[Short descriptive text snippets]
__________________________________________________
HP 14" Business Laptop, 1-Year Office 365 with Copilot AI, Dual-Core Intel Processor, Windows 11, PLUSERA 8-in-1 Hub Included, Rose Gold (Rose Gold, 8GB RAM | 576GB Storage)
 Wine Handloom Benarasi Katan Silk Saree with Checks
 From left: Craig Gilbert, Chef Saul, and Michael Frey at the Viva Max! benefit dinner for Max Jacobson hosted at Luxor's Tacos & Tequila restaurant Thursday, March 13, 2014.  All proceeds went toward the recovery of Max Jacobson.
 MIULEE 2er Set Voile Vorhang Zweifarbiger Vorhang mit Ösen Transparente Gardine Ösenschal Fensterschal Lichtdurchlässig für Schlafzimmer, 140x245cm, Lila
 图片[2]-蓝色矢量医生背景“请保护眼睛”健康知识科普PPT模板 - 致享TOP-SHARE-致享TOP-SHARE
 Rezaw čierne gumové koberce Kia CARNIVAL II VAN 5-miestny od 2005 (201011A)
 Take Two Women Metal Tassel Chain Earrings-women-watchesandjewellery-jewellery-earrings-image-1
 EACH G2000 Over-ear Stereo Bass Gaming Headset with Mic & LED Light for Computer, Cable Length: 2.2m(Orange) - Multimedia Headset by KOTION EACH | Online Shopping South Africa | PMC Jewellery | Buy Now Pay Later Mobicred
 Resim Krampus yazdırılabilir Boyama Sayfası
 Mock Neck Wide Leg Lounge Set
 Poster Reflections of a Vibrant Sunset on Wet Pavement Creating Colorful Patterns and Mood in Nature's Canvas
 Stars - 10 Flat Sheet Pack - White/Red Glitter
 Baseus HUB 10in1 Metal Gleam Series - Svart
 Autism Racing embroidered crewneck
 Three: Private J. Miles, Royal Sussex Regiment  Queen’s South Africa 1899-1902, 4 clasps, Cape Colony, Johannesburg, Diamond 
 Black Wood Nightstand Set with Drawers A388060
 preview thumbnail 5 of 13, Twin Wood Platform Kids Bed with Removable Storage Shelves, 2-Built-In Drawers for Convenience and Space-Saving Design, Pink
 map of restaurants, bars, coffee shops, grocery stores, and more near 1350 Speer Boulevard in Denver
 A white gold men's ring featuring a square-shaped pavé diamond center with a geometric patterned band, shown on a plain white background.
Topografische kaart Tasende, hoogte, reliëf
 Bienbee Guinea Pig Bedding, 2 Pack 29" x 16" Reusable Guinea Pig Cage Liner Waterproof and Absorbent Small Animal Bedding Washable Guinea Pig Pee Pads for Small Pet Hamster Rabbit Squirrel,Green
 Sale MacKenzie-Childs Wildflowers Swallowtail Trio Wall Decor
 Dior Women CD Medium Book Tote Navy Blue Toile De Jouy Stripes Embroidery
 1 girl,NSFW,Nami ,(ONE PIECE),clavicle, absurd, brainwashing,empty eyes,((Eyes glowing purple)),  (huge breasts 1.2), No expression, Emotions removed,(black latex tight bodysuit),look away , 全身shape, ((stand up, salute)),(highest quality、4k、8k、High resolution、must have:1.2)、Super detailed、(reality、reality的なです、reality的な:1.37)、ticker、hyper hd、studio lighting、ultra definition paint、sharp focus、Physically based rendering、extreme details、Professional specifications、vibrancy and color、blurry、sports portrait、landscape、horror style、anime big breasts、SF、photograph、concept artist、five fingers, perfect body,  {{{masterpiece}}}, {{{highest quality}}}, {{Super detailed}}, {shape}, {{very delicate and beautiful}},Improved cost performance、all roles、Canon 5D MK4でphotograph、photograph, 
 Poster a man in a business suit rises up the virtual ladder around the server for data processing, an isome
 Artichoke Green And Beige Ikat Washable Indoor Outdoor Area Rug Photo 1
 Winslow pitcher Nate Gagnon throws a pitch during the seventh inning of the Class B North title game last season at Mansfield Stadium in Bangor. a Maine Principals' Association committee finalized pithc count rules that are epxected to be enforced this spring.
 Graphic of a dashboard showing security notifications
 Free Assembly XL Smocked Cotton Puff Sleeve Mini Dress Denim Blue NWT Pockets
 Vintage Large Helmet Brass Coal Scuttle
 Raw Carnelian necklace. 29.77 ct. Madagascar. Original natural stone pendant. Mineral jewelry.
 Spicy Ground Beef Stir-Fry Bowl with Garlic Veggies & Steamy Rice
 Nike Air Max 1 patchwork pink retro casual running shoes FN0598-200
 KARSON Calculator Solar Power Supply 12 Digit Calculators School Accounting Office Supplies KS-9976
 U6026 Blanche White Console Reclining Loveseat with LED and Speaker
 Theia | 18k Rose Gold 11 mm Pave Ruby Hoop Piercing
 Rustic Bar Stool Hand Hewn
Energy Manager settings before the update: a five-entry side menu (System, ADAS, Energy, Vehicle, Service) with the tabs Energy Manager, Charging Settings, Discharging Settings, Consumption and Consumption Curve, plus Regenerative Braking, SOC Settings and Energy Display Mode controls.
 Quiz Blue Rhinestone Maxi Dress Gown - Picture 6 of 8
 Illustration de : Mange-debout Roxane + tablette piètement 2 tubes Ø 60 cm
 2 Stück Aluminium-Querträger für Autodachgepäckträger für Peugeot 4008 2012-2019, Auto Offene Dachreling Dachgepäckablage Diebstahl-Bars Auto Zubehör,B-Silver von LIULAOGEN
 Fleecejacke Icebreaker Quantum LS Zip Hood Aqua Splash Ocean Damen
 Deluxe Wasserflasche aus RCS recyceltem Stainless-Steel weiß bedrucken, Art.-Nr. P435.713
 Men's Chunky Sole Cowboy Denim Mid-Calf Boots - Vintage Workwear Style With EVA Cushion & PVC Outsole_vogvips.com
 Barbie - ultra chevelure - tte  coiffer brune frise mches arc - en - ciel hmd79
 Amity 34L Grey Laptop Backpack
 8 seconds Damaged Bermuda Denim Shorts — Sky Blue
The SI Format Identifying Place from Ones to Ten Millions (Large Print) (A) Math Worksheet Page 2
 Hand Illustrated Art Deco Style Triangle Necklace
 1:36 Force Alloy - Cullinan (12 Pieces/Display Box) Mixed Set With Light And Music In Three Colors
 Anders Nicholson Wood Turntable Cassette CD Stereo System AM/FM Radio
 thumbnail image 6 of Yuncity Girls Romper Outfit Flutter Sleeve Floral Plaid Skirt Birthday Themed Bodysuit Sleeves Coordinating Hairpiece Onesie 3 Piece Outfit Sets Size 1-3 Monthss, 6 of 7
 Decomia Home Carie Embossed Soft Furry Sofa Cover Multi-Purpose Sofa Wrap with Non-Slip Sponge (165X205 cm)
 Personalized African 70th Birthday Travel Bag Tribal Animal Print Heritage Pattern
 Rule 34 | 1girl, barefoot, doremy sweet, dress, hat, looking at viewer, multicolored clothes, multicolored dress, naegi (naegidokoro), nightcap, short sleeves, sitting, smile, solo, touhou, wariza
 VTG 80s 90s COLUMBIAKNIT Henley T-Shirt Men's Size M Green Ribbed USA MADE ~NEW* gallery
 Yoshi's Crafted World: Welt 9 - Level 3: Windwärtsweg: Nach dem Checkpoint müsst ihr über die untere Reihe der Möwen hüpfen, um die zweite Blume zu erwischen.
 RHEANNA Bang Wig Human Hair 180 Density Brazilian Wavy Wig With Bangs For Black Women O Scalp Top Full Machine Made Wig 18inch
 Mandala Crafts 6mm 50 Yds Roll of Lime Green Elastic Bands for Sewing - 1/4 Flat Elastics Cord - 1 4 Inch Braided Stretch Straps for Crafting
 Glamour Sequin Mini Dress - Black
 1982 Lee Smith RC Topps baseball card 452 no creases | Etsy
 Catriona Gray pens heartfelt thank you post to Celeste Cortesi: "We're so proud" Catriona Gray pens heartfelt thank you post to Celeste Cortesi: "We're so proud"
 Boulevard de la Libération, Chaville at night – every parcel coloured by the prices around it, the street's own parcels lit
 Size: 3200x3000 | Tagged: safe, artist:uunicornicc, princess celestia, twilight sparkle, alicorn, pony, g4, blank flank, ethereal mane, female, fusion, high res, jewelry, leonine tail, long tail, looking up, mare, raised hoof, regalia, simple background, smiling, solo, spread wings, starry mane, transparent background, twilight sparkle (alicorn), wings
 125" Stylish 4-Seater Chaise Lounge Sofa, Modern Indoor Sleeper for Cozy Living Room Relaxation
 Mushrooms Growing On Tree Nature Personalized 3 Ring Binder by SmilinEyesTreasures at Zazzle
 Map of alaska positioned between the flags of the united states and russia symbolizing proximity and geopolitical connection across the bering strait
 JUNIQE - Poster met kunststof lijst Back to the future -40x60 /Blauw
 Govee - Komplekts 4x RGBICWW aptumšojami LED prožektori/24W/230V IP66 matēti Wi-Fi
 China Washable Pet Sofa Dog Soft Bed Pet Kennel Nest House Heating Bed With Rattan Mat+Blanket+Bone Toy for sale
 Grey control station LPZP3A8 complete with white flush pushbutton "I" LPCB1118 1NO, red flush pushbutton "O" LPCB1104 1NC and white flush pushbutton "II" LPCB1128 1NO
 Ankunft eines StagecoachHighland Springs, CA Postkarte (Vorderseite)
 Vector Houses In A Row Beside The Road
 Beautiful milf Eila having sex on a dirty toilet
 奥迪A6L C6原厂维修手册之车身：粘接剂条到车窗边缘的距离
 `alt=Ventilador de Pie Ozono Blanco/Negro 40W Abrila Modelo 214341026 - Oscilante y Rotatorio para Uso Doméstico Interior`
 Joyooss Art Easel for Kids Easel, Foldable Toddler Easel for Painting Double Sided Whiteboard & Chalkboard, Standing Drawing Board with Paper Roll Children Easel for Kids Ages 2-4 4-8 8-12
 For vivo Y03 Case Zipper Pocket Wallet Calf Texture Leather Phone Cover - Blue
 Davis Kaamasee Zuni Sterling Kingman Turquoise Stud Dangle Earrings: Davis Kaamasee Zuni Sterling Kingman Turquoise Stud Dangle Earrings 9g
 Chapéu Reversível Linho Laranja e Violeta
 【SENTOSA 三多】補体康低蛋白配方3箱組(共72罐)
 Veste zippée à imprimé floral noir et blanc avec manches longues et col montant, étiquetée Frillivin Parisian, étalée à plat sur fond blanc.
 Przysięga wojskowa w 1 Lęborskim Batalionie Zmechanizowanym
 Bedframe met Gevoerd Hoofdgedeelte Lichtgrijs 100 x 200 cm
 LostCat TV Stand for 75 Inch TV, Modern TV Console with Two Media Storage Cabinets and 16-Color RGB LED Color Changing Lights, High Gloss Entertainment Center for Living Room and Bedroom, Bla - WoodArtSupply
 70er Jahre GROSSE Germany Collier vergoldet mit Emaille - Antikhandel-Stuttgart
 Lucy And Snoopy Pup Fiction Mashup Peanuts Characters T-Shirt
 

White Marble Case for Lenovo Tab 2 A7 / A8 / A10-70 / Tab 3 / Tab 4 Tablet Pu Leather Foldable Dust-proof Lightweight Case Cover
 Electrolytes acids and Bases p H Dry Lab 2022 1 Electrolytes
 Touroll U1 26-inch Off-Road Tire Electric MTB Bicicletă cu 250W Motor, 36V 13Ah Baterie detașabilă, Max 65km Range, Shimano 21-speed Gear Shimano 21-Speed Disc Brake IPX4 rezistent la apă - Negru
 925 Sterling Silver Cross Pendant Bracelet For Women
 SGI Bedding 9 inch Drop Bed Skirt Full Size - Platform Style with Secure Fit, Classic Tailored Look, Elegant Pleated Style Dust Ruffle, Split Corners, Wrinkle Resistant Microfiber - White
__________________________________________________
#### Description of the task
From the data above, return every line from the line that has "Deluxe Wasserflasche aus" up to and including the line that has "1982 Lee Smith", exactly.

#### Response
 Deluxe Wasserflasche aus RCS recyceltem Stainless-Steel weiß bedrucken, Art.-Nr. P435.713
 Men's Chunky Sole Cowboy Denim Mid-Calf Boots - Vintage Workwear Style With EVA Cushion & PVC Outsole_vogvips.com
 Barbie - ultra chevelure - tte  coiffer brune frise mches arc - en - ciel hmd79
 Amity 34L Grey Laptop Backpack
 8 seconds Damaged Bermuda Denim Shorts — Sky Blue
The SI Format Identifying Place from Ones to Ten Millions (Large Print) (A) Math Worksheet Page 2
 Hand Illustrated Art Deco Style Triangle Necklace
 1:36 Force Alloy - Cullinan (12 Pieces/Display Box) Mixed Set With Light And Music In Three Colors
 Anders Nicholson Wood Turntable Cassette CD Stereo System AM/FM Radio
 thumbnail image 6 of Yuncity Girls Romper Outfit Flutter Sleeve Floral Plaid Skirt Birthday Themed Bodysuit Sleeves Coordinating Hairpiece Onesie 3 Piece Outfit Sets Size 1-3 Monthss, 6 of 7
 Decomia Home Carie Embossed Soft Furry Sofa Cover Multi-Purpose Sofa Wrap with Non-Slip Sponge (165X205 cm)
 Personalized African 70th Birthday Travel Bag Tribal Animal Print Heritage Pattern
 Rule 34 | 1girl, barefoot, doremy sweet, dress, hat, looking at viewer, multicolored clothes, multicolored dress, naegi (naegidokoro), nightcap, short sleeves, sitting, smile, solo, touhou, wariza
 VTG 80s 90s COLUMBIAKNIT Henley T-Shirt Men's Size M Green Ribbed USA MADE ~NEW* gallery
 Yoshi's Crafted World: Welt 9 - Level 3: Windwärtsweg: Nach dem Checkpoint müsst ihr über die untere Reihe der Möwen hüpfen, um die zweite Blume zu erwischen.
 RHEANNA Bang Wig Human Hair 180 Density Brazilian Wavy Wig With Bangs For Black Women O Scalp Top Full Machine Made Wig 18inch
 Mandala Crafts 6mm 50 Yds Roll of Lime Green Elastic Bands for Sewing - 1/4 Flat Elastics Cord - 1 4 Inch Braided Stretch Straps for Crafting
 Glamour Sequin Mini Dress - Black
 1982 Lee Smith RC Topps baseball card 452 no creases | Etsy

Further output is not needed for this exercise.